Problem - Write out, word for word, the part of the listing below that opens with the line containing "Picture of LV Sunglasses _SKUfw55707876fw" and closes with the line containing "5e45 9178 9dc1a3673ee5", keeping both of those lines and adding no others.
★ ★ ★
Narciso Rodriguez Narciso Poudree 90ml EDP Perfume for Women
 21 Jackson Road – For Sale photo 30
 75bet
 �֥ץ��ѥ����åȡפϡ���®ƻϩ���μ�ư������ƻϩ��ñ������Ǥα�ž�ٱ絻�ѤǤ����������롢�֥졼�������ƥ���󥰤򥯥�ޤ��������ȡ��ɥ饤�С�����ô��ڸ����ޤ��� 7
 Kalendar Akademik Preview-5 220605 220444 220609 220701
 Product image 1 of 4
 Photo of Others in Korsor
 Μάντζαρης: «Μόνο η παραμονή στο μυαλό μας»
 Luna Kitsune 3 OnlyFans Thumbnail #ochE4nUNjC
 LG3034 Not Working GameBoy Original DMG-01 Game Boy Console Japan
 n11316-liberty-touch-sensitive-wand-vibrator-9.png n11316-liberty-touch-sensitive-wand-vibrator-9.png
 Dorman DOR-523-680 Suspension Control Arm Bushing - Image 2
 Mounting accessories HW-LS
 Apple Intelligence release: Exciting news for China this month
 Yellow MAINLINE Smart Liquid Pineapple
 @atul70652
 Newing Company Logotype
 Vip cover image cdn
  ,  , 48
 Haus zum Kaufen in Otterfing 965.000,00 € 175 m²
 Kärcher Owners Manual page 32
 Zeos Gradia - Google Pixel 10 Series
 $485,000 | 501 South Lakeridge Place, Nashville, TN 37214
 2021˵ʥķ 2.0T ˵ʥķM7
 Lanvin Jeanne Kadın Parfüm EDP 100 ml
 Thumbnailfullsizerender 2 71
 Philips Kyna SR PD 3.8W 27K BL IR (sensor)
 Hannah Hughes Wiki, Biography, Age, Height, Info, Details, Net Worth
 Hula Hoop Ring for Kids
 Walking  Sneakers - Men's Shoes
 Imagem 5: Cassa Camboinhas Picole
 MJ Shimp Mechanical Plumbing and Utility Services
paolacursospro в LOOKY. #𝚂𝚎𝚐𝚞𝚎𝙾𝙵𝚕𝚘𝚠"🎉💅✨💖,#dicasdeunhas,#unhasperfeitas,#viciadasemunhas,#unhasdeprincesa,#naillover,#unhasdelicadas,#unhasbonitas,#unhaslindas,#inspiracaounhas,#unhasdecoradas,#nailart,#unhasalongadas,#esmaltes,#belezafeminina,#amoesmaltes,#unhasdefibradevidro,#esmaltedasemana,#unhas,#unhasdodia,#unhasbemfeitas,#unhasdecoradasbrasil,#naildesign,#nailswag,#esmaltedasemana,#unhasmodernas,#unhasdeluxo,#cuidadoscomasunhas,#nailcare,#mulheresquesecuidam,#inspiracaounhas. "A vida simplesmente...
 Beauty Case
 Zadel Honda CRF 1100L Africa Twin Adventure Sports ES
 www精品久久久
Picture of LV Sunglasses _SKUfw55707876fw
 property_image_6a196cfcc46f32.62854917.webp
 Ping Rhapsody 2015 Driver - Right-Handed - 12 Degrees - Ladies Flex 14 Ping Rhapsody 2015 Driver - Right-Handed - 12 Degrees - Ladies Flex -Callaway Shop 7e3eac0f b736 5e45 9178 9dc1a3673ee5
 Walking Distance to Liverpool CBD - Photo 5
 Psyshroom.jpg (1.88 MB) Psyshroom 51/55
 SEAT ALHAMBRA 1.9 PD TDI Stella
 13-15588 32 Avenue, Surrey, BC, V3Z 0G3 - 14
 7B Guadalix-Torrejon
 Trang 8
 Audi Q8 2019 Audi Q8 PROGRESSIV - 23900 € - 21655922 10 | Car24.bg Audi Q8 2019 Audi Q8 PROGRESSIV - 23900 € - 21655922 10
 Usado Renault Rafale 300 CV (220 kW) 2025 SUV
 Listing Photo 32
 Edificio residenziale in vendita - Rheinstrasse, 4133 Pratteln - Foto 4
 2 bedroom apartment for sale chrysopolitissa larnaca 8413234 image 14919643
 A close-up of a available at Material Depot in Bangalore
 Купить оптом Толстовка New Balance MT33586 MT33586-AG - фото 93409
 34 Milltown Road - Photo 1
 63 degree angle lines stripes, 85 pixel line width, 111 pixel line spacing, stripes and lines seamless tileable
★ ★ ★
Solved exercise -
Picture of LV Sunglasses _SKUfw55707876fw
 property_image_6a196cfcc46f32.62854917.webp
 Ping Rhapsody 2015 Driver - Right-Handed - 12 Degrees - Ladies Flex 14 Ping Rhapsody 2015 Driver - Right-Handed - 12 Degrees - Ladies Flex -Callaway Shop 7e3eac0f b736 5e45 9178 9dc1a3673ee5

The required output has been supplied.